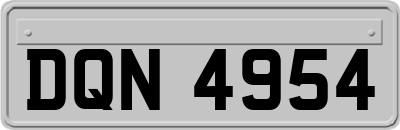 DQN4954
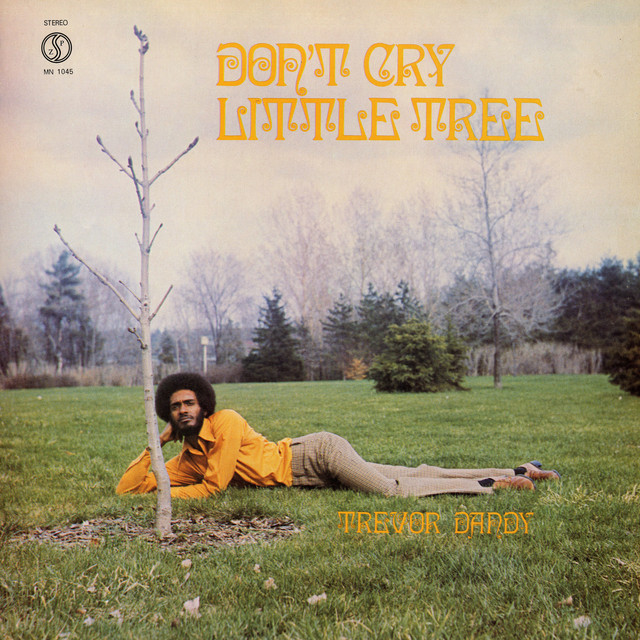 Don't Cry Little Tree cover art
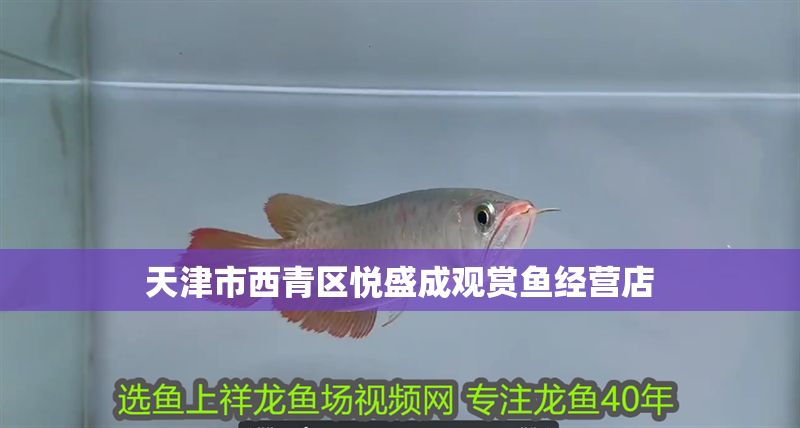 天津市<strong><mark>西青</mark></strong>區(qū)悅盛成觀賞魚經(jīng)營店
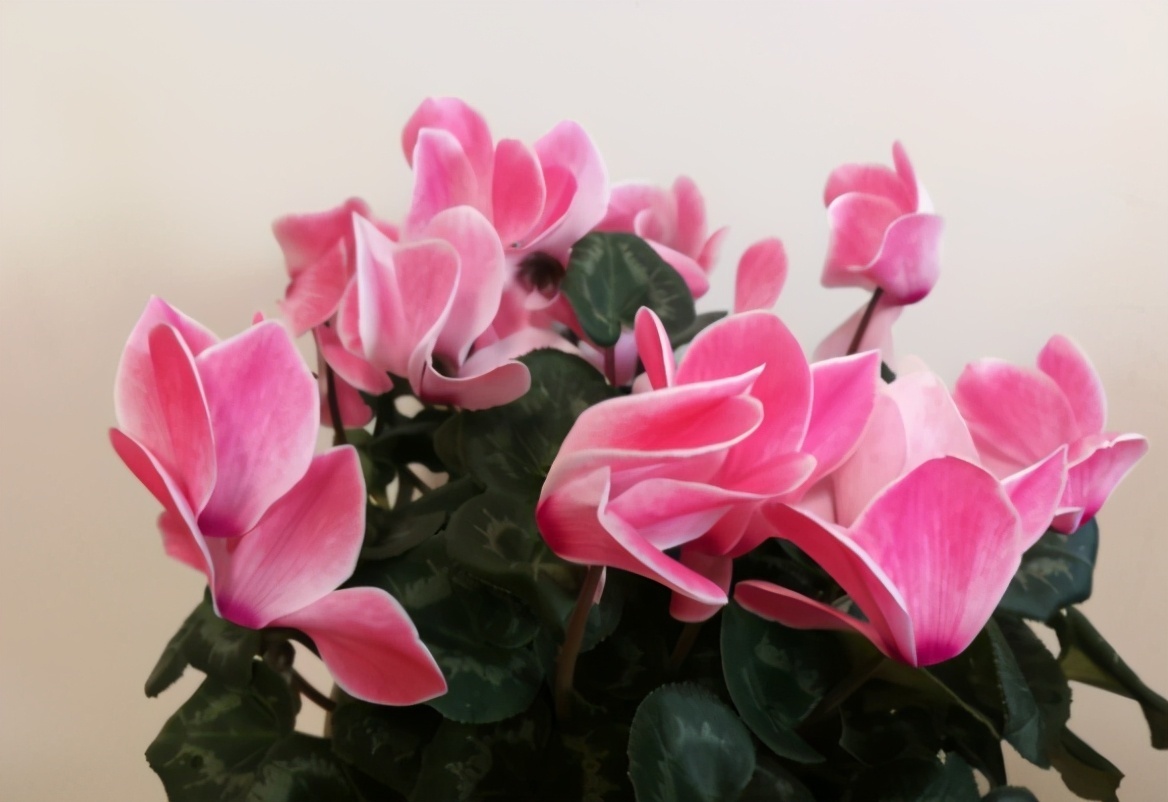 4种花被称为“夏必死”,没有大棚环境,新手春季最好不要买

• _WHAT YOU WILL DO_: The result should be the material above, unchanged and free of pictures; please print it.

• _RESULT OF THIS TASK_:
 DQN4954
 Don't Cry Little Tree cover art
 天津市<strong><mark>西青</mark></strong>區(qū)悅盛成觀賞魚經(jīng)營店
 4种花被称为“夏必死”,没有大棚环境,新手春季最好不要买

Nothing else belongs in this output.